Par Julia Pavesi
Des rampes inclinées, aucun trottoir surélevé et des fauteuils pour aller à l'eau : à l'instar d'une centaine d'autres communes labellisées, Fort-Mahon-Plage, près de la baie de Somme, s'efforce d'aménager le front de mer pour en permettre l'accès aux personnes handicapées. Installée dans un siège pensé spécialement pour flotter et rouler dans le sable ou les galets, Corinne s'aventure dans les vagues de la Manche, aidée par son beau-fils. Mais les 20 degrés auront raison de la baignade intégrale pour cette quinquagénaire qui a du mal à marcher. "C'est pas la Méditerranée !", plaisante Fabrice, 42 ans, l'eau jusqu'aux mollets, venu de région parisienne pour la journée et plutôt content du fauteuil - assez volumineux - qu'il découvre. "Que du positif ! C'est assez facile à prendre. Ce n'est pas évident en termes de parcours, il faut avoir des bras pour tirer le fauteuil avec une personne dessus, mais sinon c'est plutôt sympa", témoigne-t-il.
Des aménagements au top
Cet équipement, prêté gratuitement par les secouristes, s'inscrit dans une démarche d'accessibilité plus globale.
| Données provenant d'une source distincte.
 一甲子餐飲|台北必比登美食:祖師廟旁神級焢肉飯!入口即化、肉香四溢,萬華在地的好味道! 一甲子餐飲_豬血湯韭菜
La station balnéaire de 1 300 habitants a revu l'urbanisme du front de mer pour améliorer l'accès à la mer : quatre rampes, parfois étroites, descendent sur le sable depuis la promenade qui surplombe l'immense étendue de sable, les personnes handicapées peuvent stationner partout gratuitement, l'esplanade a été refaite récemment pour supprimer les bordures. "Ca fait plaisir de voir les efforts faits pour 'aménagement" qui profitent aussi aux nombreuses poussettes qui vont et viennent, se réjouit Corinne, malgré ses difficultés d'élocution.
Un atout touristique
La commune fait désormais partie des 83 plages labellisées handiplage, avec trois étoiles sur quatre. Les labels Tourisme et Handicap et Pavillon bleu prennent également en compte l'accessibilité dans leurs critères. "Il y a eu un déclic avec un habitant du secteur qui est handicapé. On avait acheté un tiralo (fauteuil pour aller dans l'eau) et il est venu avec nous. Quand il s'est baigné il a dit : 'Quel bonheur et quelle joie de retrouver la sensation de l'eau de mer'", raconte l'actuel maire Alain Baillet, adjoint au début des années 2000, qui en a fait aussi un "atout touristique". Si les sept tiralos n'ont servi qu'une seule fois ce jour-là, les secours affirment les sortir quotidiennement. "Certains jours, on n'en avait plus de disponibles", assure Sébastien Vaselli, chef de poste, qui veille au plus fort de l'été sur des milliers de touristes. "Ici c'est bien, c'est assez plat, la marée basse permet de faire de belles balades, même si c'est rare qu'ils aillent très loin dans l'eau avec". "On ne connaissait pas ces fauteuils, mais ça pourrait être bien pour une autre sortie", anticipe Bastien Herbez, 27 ans, éducateur spécialisé encadrant un groupe de personnes âgées en fauteuil roulant qui profitent du soleil sur l'esplanade, malgré les rafales de vent.
Des efforts à faire
Mais des efforts restent à faire : certains regrettent le manque de places de parking réservées et une grande bande de béton sur le sable qui mènerait jusqu'à l'eau, que l'on trouve sur le littoral méditerranéen mais que les marées de la Manche détruiraient. "La loi de 2005 (sur le handicap) ne concerne pas les plages, mais quand les communes refont le littoral, en cas de rénovation, elles sont obligées de se mettre aux normes handicap", assure Ramon Espi, président de l'association qui décerne le label handiplage depuis quinze ans. "Les communes sont volontaires. Avant il fallait les sensibiliser, aujourd'hui elles viennent d'elles-mêmes ; les mentalités changent, mais ça reste laborieux." Au total, environ 250 plages sur les quelque 2 500 que compte la France seraient aménagées selon lui. Et rares demeurent celles équipées de système audio pour les personnes aveugles.